- Gênero: Drama
- Direção: Mykaela Plotkin
- Roteiro: Mykaela Plotkin
- Elenco: Analu Prestes, Tânia Alvez, Genézio de Barros, Clarissa Pinheiro, Valentina Klause, João Compasso
- Duração: 85 minutos
-
Veja online:
Existe uma categoria de filmes cuja fórmula nem é tão rara assim, mas que nem sempre tal receita consegue surtir o efeito pretendido com a qualidade pensada. São narrativas interligadas por armadilhas de roteiro, onde a graça da produção é montar tal esquema, para que o filme habilmente corteje o erro, para enfim saltá-lo. Como se compreendesse (e de fato deve fazê-lo) as artimanhas, olhasse para o espectador, piscasse para ele, e no momento seguinte saltasse do buraco que fingiu não ver. Esse é o caso de Senhoritas, filme exibido e premiado no Festival de Biarritz e que faz sua estreia no Brasil no Cine PE, mostrando a boa forma não apenas do cinema brasileiro, mas principalmente o de um tipo de cinema.
Não apenas as espertas características apresentadas acima, como também um raro filme para adultos, cuja leveza não seja sinônimo de comicidade, e que tenha algo a dizer a respeito de um recorte de público, sem perder o todo. Senhoritas, bom que seja dito, é um filme de forte carga popular, e esse escaninho não é conseguido ao abrir mão de uma sofisticação de soluções narrativas, ou do próprio discurso que a produção apresenta. A alquimia de resultados positivos que o filme promove é fruto de profundo entendimento a respeito não apenas daquela realidade como principalmente da noção absoluta do ofício de autoria. Ela cabe a Mykaela Plotkin, pernambucana que estreia em longa metragem em equilíbrio invejável.

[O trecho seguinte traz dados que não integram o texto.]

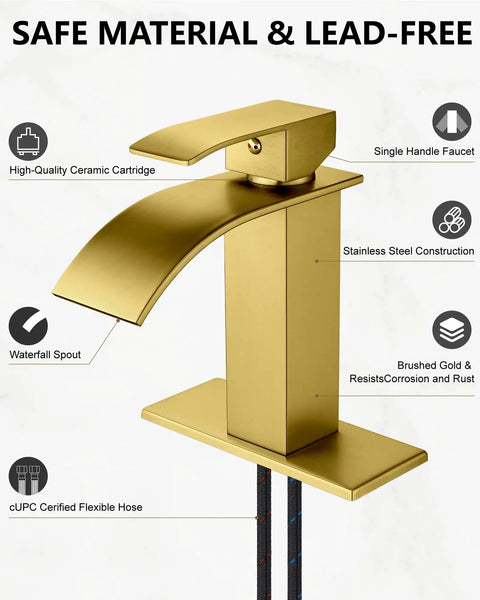 Waterfall Spout Single Handle Bathroom Faucet For 1 Hole Sink With Ultra Wide Water Flow Sleek Modern RV Lavatory Vanity Tap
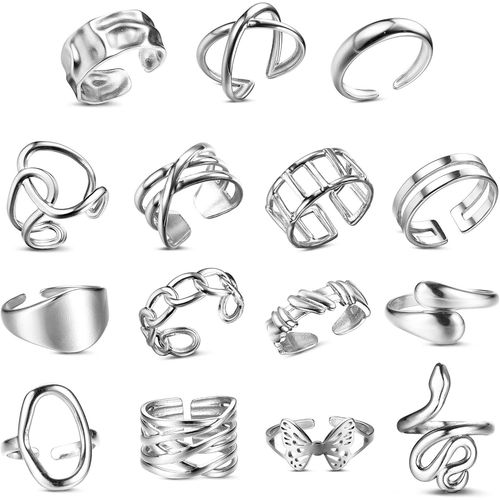 16 Pices Bague Argent Femme Inoxydable Ouvert Rglable Vague Bague Clin Main Doigt Anneaux Pouce Empilables Noeud Plume Knuckle Bague Orteil Lot Bague Pour Femmes Filles.[Y5]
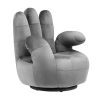 Vente-unique Handstoel | Draaibare Fauteuil Hand Catchy Van Fluweel - Antraciet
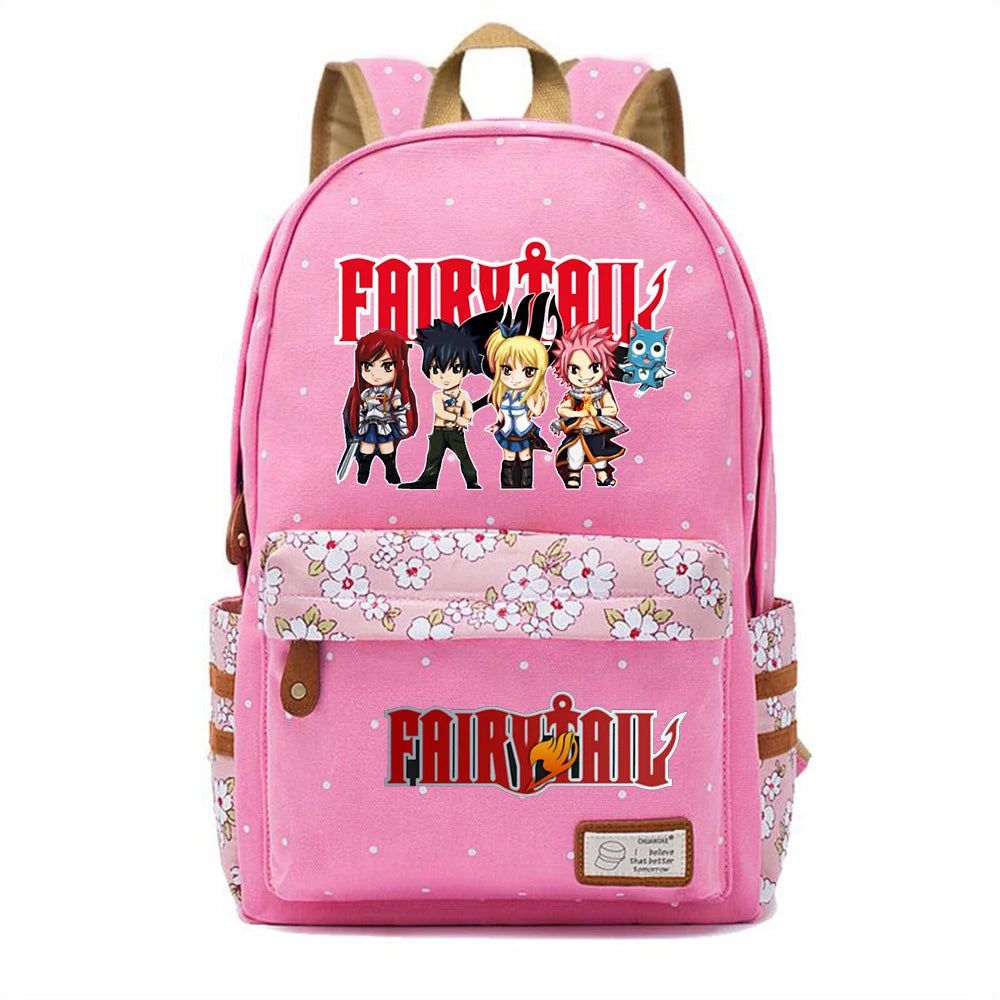 Anime Fairy Tail Backpack Canvas Casual Packsack Schoolbag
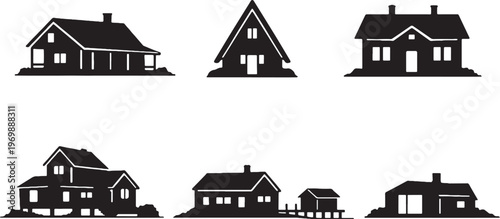 Scandinavian Houses Silhouette Set, Nordic Cabin Swedish Norwegian Coastal Minimalist Architecture Icons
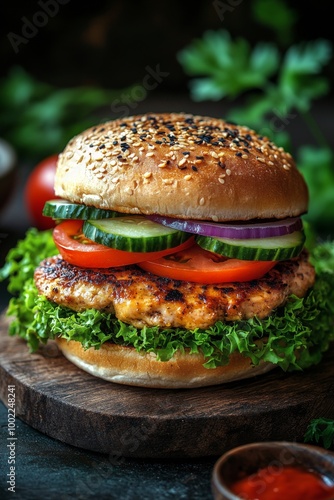 Delicious grilled chicken burger with fresh vegetables on a wooden board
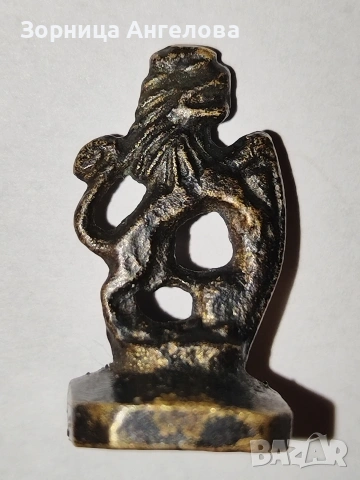 Стар месингов печат, тегло 11 грама, височина 3 см. , снимка 3 - Антикварни и старинни предмети - 54012239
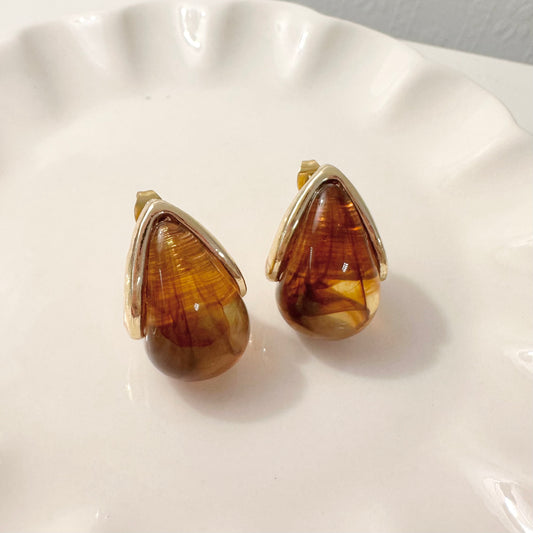 Tortoise Shell Chunky Drop Stud Earrings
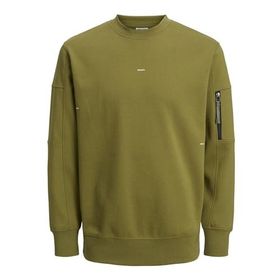 Jack & Jones Core Jcoshade Sweat Crew Neck LN Yağ Yeşili Erkek Sweatshirt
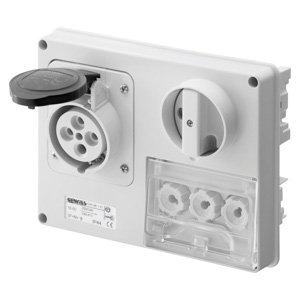 Gewiss Fix reteszelt vízszintes csatlakozó-aljzat - Hátlap nélk. - Olvadóbizt. foglalattal - 3P+E 32A 480-500V - 50/60HZ 7H - IP44 termékfotó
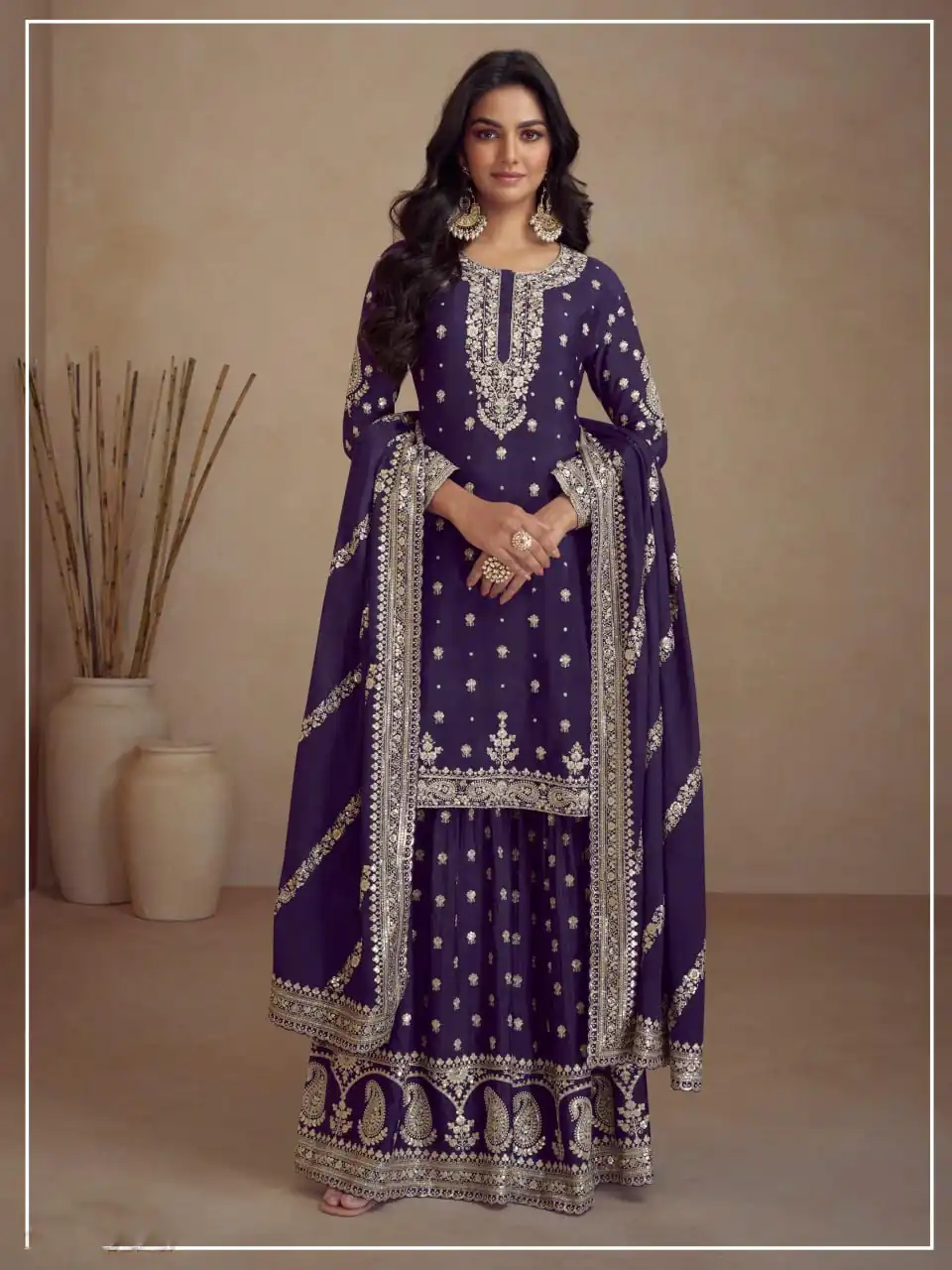 Purple Heavy Semi Chinon Silk Codding Embroidery Salwar Suit | Jump Suits, Salwar suit, Casual Suits, Creative suits, Designer Suits, Palazzo Suits, Party Wear Suits, Patiala Suits, Straight Suits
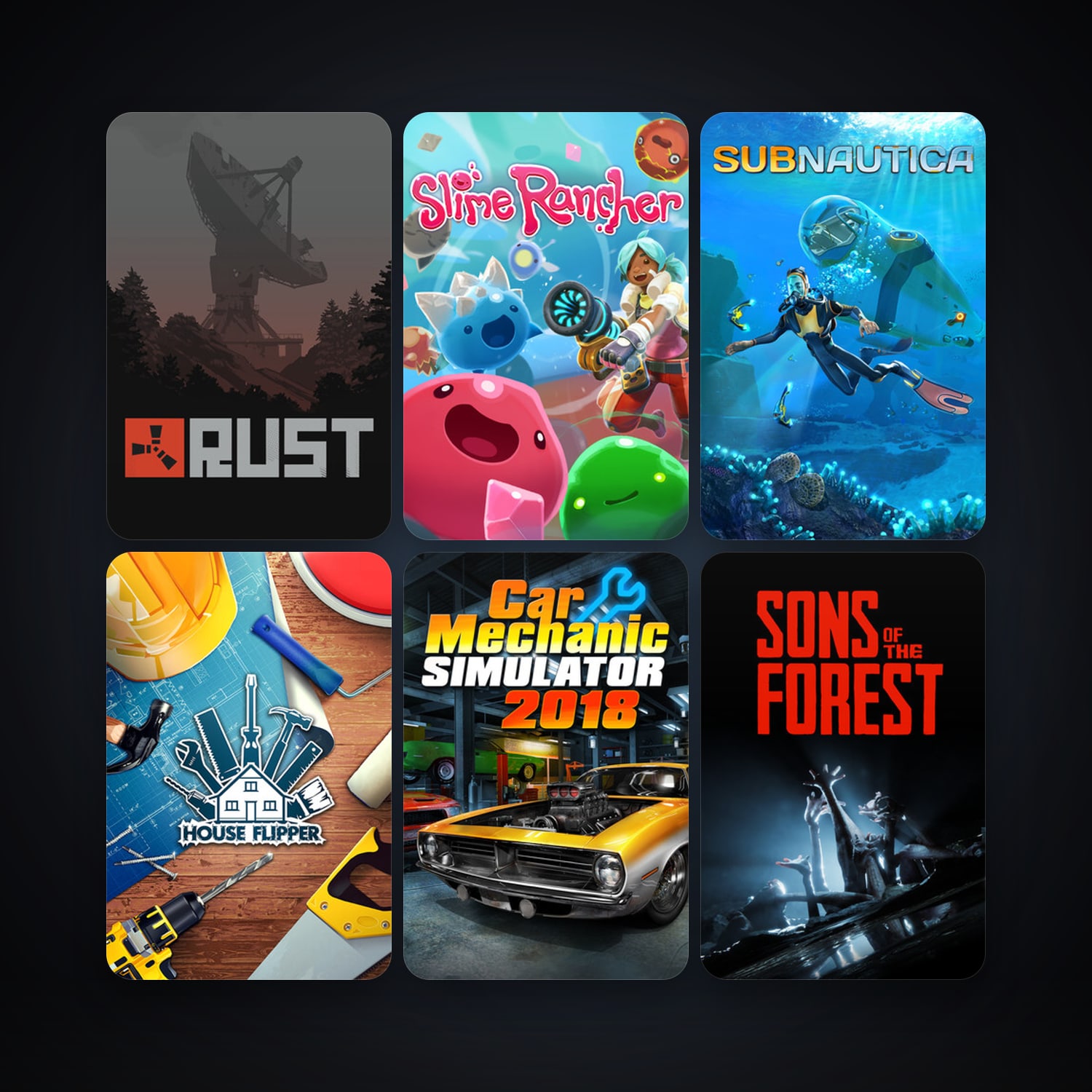 Rust + Subnautica, 13 games, clean — HabibiAccounts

Rodado há 3 anos, o filme é, entre muitas coisas, um retrato positivado a respeito da maturidade e das resoluções da terceira idade, sem caricatura ou melodrama que transforme o simples em simplório. Em cena, Lívia é uma mulher de 70 anos que só percebe que falta algo na existência quando lhe é apresentada uma nova perspectiva. Na verdade, essa é a história de uma mulher que vivia da melhor maneira possível em seu casulo, até que uma lufada de vento chamada Luci se mostra essencial para uma espécie de equilíbrio das coisas. Independente da idade que separe protagonista e espectador, o que Senhoritas mostra é um conceito universal: como ter tudo o que sempre faltou, sem perder nada do que sempre se teve?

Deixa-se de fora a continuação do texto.